La Ilíada tiene hoy dolor de estómago.
Había
una vez en Roma un rico comerciante que se llamaba Itelio. Se cuentan
maravillas sobre sus riquezas fabulosas. Su palacio era tan grande que habría
podido contener a todos los habitantes de la ciudad. Cada día se reunían
alrededor de su mesa trescientas personas, elegidas entre los ciudadanos más
eminentes y cultivados.

Itelio hacía
servir a sus invitados los manjares más delicados, pero en esa época se tenía la
costumbre de recibir a los invitados ofreciéndoles no solamente manjares
escogidos, sino también los placeres de una conversación fina y espiritual.
Pero a Itelio
no le faltaba nada, excepto instrucción.
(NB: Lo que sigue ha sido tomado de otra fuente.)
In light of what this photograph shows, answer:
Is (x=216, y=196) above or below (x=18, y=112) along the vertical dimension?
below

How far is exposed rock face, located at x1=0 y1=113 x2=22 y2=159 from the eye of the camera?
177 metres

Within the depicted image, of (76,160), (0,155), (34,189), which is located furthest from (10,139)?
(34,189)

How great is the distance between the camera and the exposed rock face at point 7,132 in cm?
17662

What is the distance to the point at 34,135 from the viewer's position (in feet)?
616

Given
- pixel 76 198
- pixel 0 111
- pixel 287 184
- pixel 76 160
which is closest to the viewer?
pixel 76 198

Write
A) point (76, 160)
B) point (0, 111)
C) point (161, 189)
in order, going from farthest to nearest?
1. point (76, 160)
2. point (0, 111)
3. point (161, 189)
Apenas sabía leer.
La gente que aceptaba sus comidas con placer, se reía de él en secreto.
Sostener una conversación en la mesa le era imposible y si conseguía hacerse
escuchar, notaba que sus invitados apenas podían disimular sus sonrisas.
Esto era para él
insoportable. Pero era demasiado perezoso para estar inclinado mucho tiempo
sobre un libro y no tenía costumbre de darse malos ratos. Itelio reflexionó largamente
sobre la manera como podría mejorar esta situación y he aquí lo que al fin
resolvió.
Ordenó
a su mayordomo elegir entre sus numerosos esclavos doscientos de los más
inteligentes y de los más instruidos. Cada uno de ellos debía aprender cierto
libro de memoria. Por ejemplo, La Ilíada, La Odisea, etc.
Esta fue una
tarea muy dura para el mayordomo, el cual debió aplicar muchas
correcciones a los esclavos antes de poder realizar los deseos de su señor.
Pero cuando
llegó
a conseguirlo, ¡qué placer para Itelio, que tenía al fin una biblioteca viva!
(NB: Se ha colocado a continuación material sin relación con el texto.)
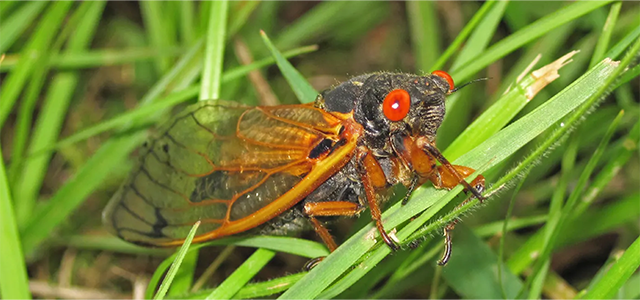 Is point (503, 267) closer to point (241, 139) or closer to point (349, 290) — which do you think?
point (349, 290)

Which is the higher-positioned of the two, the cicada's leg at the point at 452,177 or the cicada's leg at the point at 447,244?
the cicada's leg at the point at 452,177

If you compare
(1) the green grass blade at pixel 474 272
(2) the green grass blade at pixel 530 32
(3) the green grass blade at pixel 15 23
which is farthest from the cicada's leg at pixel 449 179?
(3) the green grass blade at pixel 15 23

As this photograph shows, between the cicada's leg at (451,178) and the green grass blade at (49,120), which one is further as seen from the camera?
the green grass blade at (49,120)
En la mesa, cuando llegaba la hora de la conversación, no tenía más que hacer
una seña a su mayordomo y de la fila silenciosa de los esclavos, de pie contra
el muro, se destacaba un hombre que recitaba un pasaje apropiado. Los esclavos
llevaban los nombres de los libros que habían aprendido de memoria: Uno se
llamaba Odisea, otro Ilíada, el tercero Eneida, etc. etc.
Itelio estaba
encantado. Toda Roma hablaba de su biblioteca viva; jamás
se había visto una cosa parecida. Pero esto no podía durar, y un buen día, un
incidente hizo que toda la ciudad se riera del millonario ignorante. Después de
comer, la conversación versó, como de costumbre, sobre temas literarios. Se
hablaba de cómo los hombres festejaban en la antigüedad.
Yo conozco
sobre eso un pasaje célebre en la Ilíada —dijo Itelio,
haciendo una seña a su mayordomo.
Pero éste
se había echado de rodillas, y con una voz temblorosa de espanto murmuraba:
Perdóneme,
señor: La Ilíada tiene hoy dolor de estómago.